Existe ainda uma questão ambiental: determinados LDRs tradicionais utilizam sulfeto de cádmio (CdS). A própria Adafruit observa que sua fotocélula CdS não é compatível com RoHS e sugere fototransistor quando essa conformidade é necessária.

Uma experiência muito simples para fazer em casa

Para compreender o princípio do LDR, nem precisamos começar com Arduino.

Podemos utilizar:

1 LDR
1 resistor
1 LED
1 transistor, dependendo do circuito
protoboard
jumpers
fonte de baixa tensão

e observar como o circuito responde quando:

iluminamos o LDR
       ↓
cobrimos com a mão
       ↓
aproximamos uma lanterna
       ↓
afastamos a fonte de luz

Essa experiência permite literalmente ver uma grandeza física sendo transformada em uma resposta elétrica.

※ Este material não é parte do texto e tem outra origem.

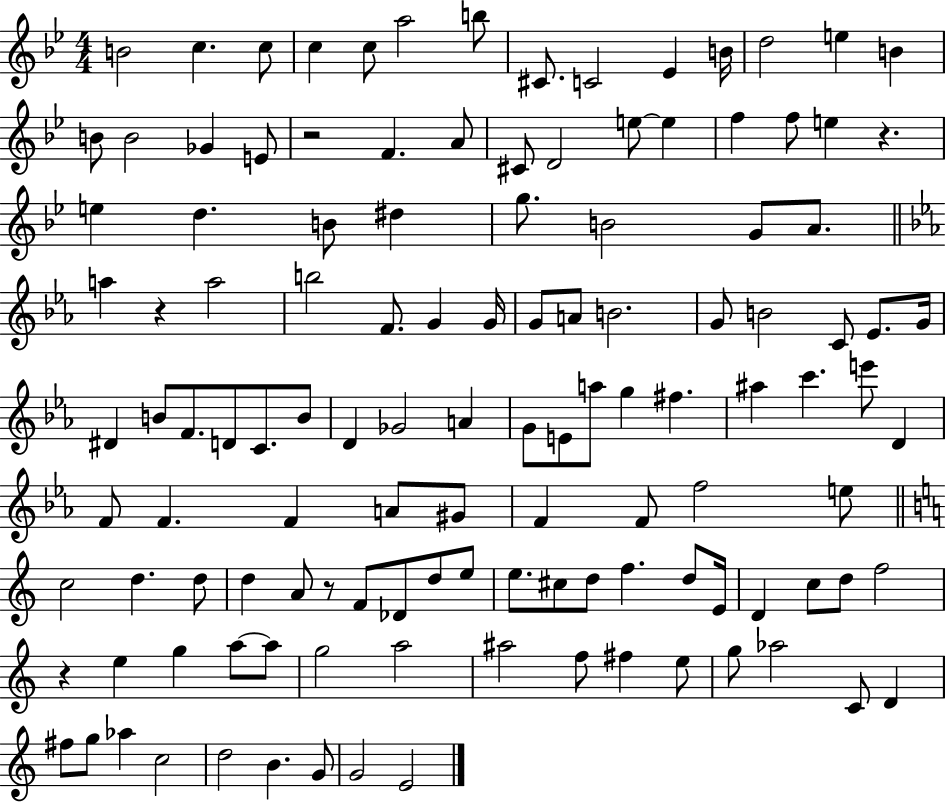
{
  \clef treble
  \numericTimeSignature
  \time 4/4
  \key bes \major
  \repeat volta 2 { b'2 c''4. c''8 | c''4 c''8 a''2 b''8 | cis'8. c'2 ees'4 b'16 | d''2 e''4 b'4 | \break b'8 b'2 ges'4 e'8 | r2 f'4. a'8 | cis'8 d'2 e''8~~ e''4 | f''4 f''8 e''4 r4. | \break e''4 d''4. b'8 dis''4 | g''8. b'2 g'8 a'8. | \bar "||" \break \key ees \major a''4 r4 a''2 | b''2 f'8. g'4 g'16 | g'8 a'8 b'2. | g'8 b'2 c'8 ees'8. g'16 | \break dis'4 b'8 f'8. d'8 c'8. b'8 | d'4 ges'2 a'4 | g'8 e'8 a''8 g''4 fis''4. | ais''4 c'''4. e'''8 d'4 | \break f'8 f'4. f'4 a'8 gis'8 | f'4 f'8 f''2 e''8 | \bar "||" \break \key c \major c''2 d''4. d''8 | d''4 a'8 r8 f'8 des'8 d''8 e''8 | e''8. cis''8 d''8 f''4. d''8 e'16 | d'4 c''8 d''8 f''2 | \break r4 e''4 g''4 a''8~~ a''8 | g''2 a''2 | ais''2 f''8 fis''4 e''8 | g''8 aes''2 c'8 d'4 | \break fis''8 g''8 aes''4 c''2 | d''2 b'4. g'8 | g'2 e'2 | } \bar "|."
}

Veja o circuito funcionando no vídeo

No vídeo abaixo explico como funciona o LDR — Resistor Dependente da Luz — e mostro um circuito simples e prático que você pode montar em casa.

É um daqueles componentes muito simples que permitem criar uma enorme quantidade de experiências.

Do componente simples ao sistema automático

Talvez a parte mais interessante do LDR seja perceber a sequência completa:

      LUZ
       ↓
      LDR
       ↓
VARIAÇÃO DE RESISTÊNCIA
       ↓
VARIAÇÃO DE TENSÃO
       ↓
CIRCUITO DE CONTROLE
       ↓
      AÇÃO

A ação pode ser:

acender uma lâmpada, ativar um alarme, controlar um LED ou enviar uma informação para um Arduino.

E esse princípio vai muito além do LDR.

Na eletrônica encontramos vários sensores que transformam grandezas do mundo físico em grandezas elétricas que nossos circuitos conseguem interpretar.

Por isso, além de ser útil, montar um pequeno circuito com LDR é uma excelente experiência para entender um dos conceitos fundamentais da eletrônica:

como fazer um circuito perceber aquilo que acontece no ambiente.